On June 21, 1966, two-hundred Automotive Journalists were informed of an important Chevrolet press conference to be held on the 28th. The rumors were that Chevy was working on a competitor to the wildly successful Ford Mustang.
Foutreen cities were hooked up by telephone and it was announced that Chevrolet’s new pony car would be called Camaro. Chevrolet General Manager Pete Estes claimed that the name suggested friendship, as a car should be to its owner. The story goes that 2 GM executives found the name in a book about French slang, saying that “Camaro” means friend or pal. In reality the word for that is Camarade, Camaro is not a recognized word in French.
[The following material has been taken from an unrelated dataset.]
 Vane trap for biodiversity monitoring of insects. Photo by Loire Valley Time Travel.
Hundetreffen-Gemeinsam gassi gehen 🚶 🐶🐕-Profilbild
It’s said that a Chevrolet representative claimed that the Camaro was “a small vicious animal that eats Mustangs”. The Camaro, and its cousin the Pontiac Firebird, were both unveiled on September 12. The Camaro came in a bewildering array of variants with RS, SS, and Z/28 trim levels. The Z28 was the most-powerful model with a 4.9 liter V8.
Sales for 1967 were disappointing, with only 220,000 purchased, compared to 472,000 Mustangs. But the gap would close, not because the Camaro would rise, but because of plunging Mustang sales, by 1969, 243,000 Camaros were sold against 299,000 Mustangs.
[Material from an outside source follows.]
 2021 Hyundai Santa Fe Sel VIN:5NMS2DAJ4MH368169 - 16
Since its 1967 introduction, the Camaro’s engine output has ranged from a low of 88 horsepower to a peak of 580, as the pony car rode the highs of the muscle car era in the late-1960s and the lows of the oil embargoinfluenced 1970s to the emergence of modern technologies in the 1980s and the unprecedented power and efficiency offered today.
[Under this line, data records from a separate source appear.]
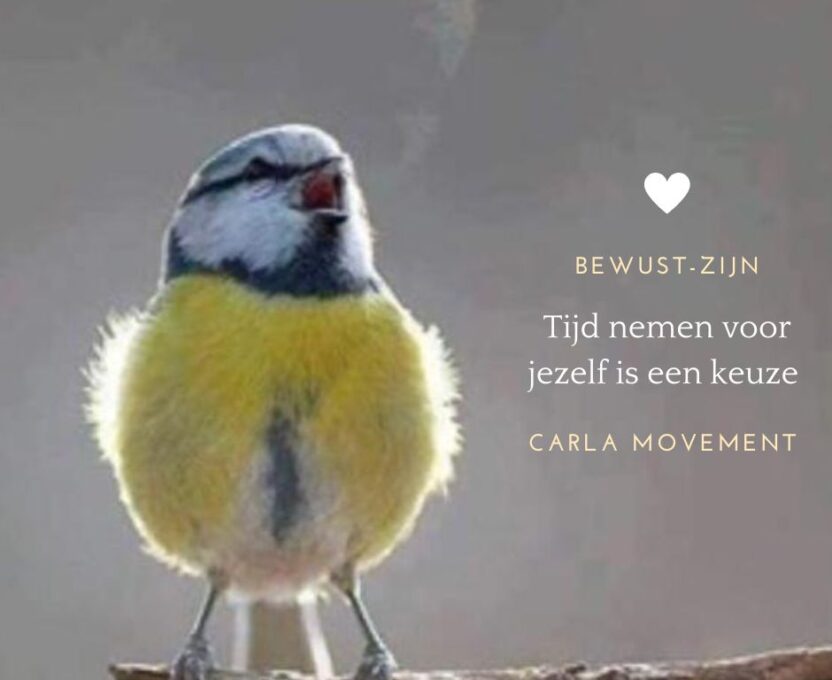 Thumbnail Training Bewust-ZIJN voor vrouwen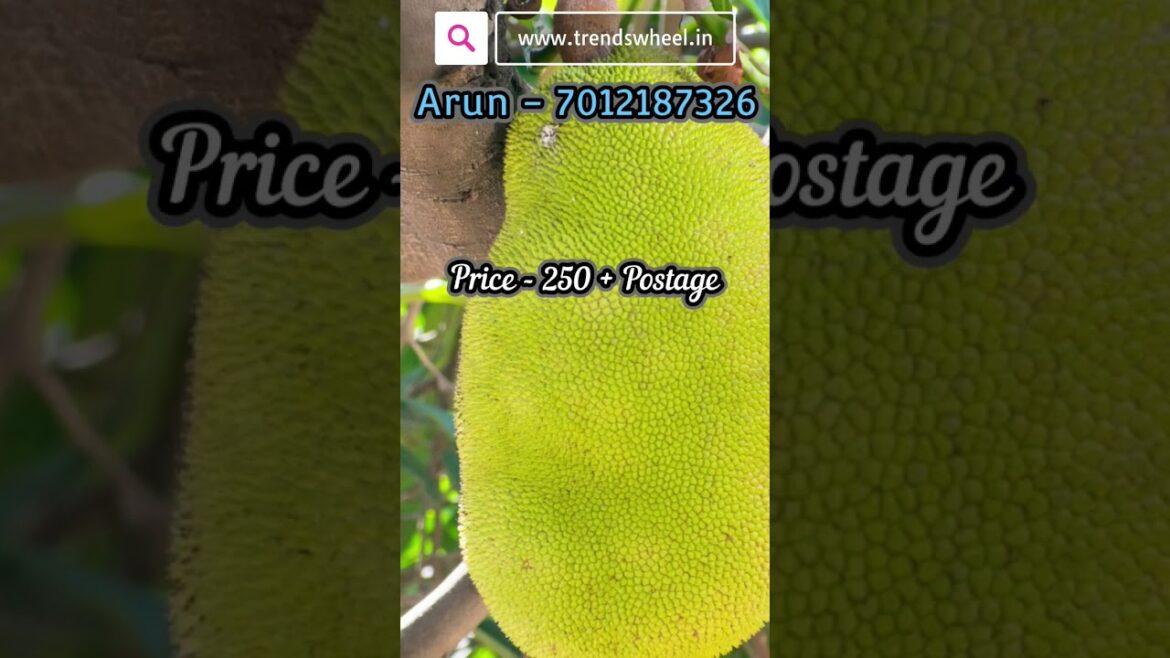 J33 Jackfruit Plant Malayalam Trends Wheel shorts #fruitsplants #jackfruit #exoticplant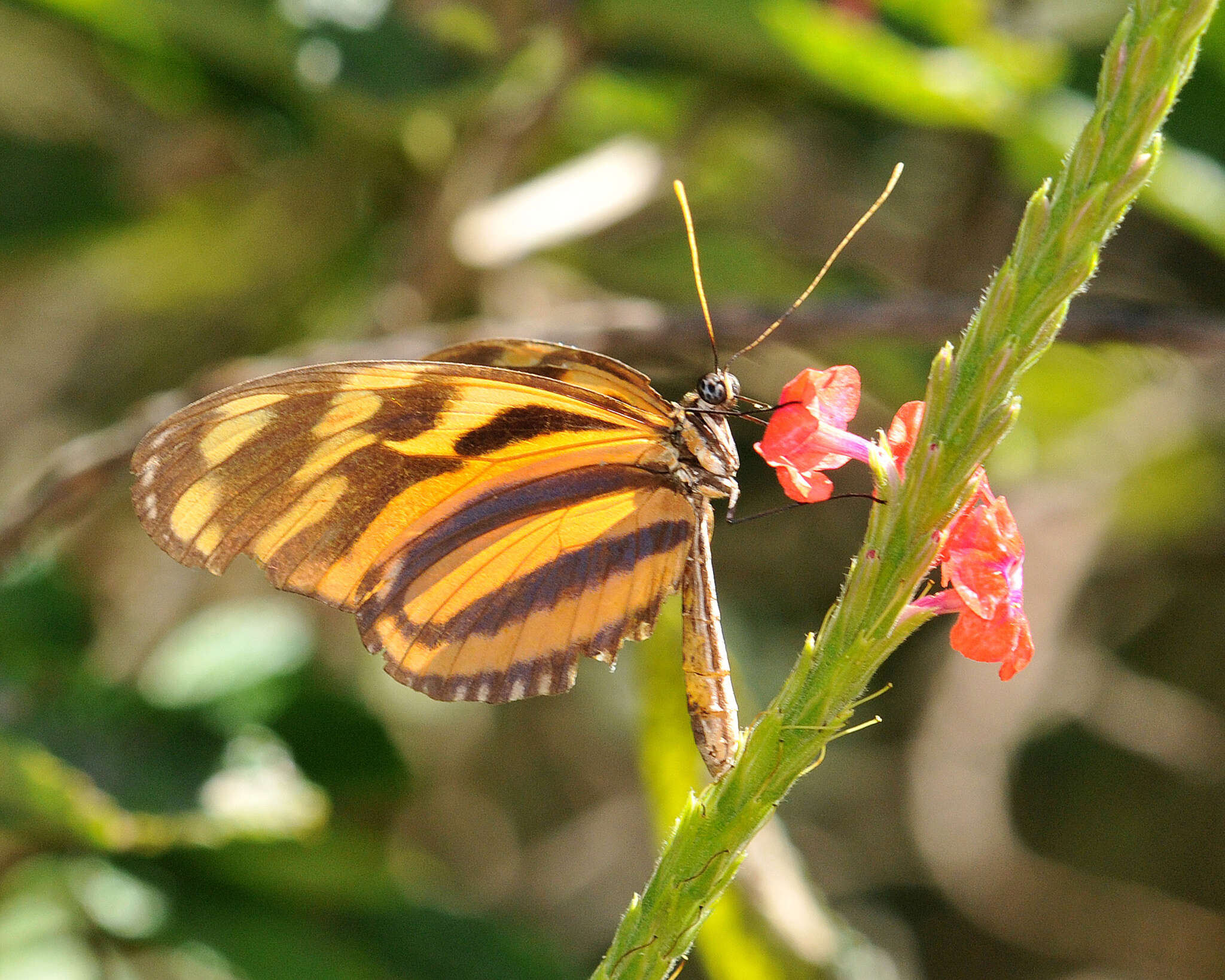 Image of Heliconius ismenius Latreille 1817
“From the day it was introduced, the Camaro has been part of American culture and a reflection of the state of the American performance industry,” said Dean Guard, General Motors executive director global gasoline engine engineering, whose first car was a 1982 Camaro with a 5.0L V-8.
“What has never changed was the Camaro’s fun, attainable performance for a broad spectrum of customers, and the personal connection it inspired with generations of owners.”
In the 48 years since Camaro’s arrival, the engine families and the technologies supporting them have evolved dramatically, from the carbureted inline-six base engines and brawny range-topping big-block V-8s in the early years, to the sophisticated V-6 and V-8 engines of today that use advanced technologies to deliver a balance of power and efficiency undreamt of in 1967.
Technologies including direct injection and continuously variable valve timing in the 2015 Camaro’s base 3.6L V-6 help generate 323 horsepower. That’s more than any Camaro V-8 engine offered between 1971 and 2000 – and it enables up to 30 mpg on the highway.
As the Camaro closes out the final year of its fifth generation, Chevrolet has compiled a historic overview of the engines that have contributed to its icon status for enthusiasts around the globe.
First Generation – 1967-69
The Camaro debuted in the burgeoning personal coupe market and at the height of the muscle car era. Entry-level models offered two versions of Chevrolet’s stalwart inline-six engine, with a minimum of 140 horsepower and 220 lb-ft of torque.
Higher-performing models were available with a smorgasbord of V-8 engines, ranging from 200 horsepower in the 307-cubic-inch Small Block to the 375-horsepower 396 Big Block. Sixty-nine special-option COPO Camaros were built with 427-cubic-inch engines. Intended for Stock and Super Stock drag racing classes, their respective 425- and 430-horsepower ratings were widely believed to be underestimated.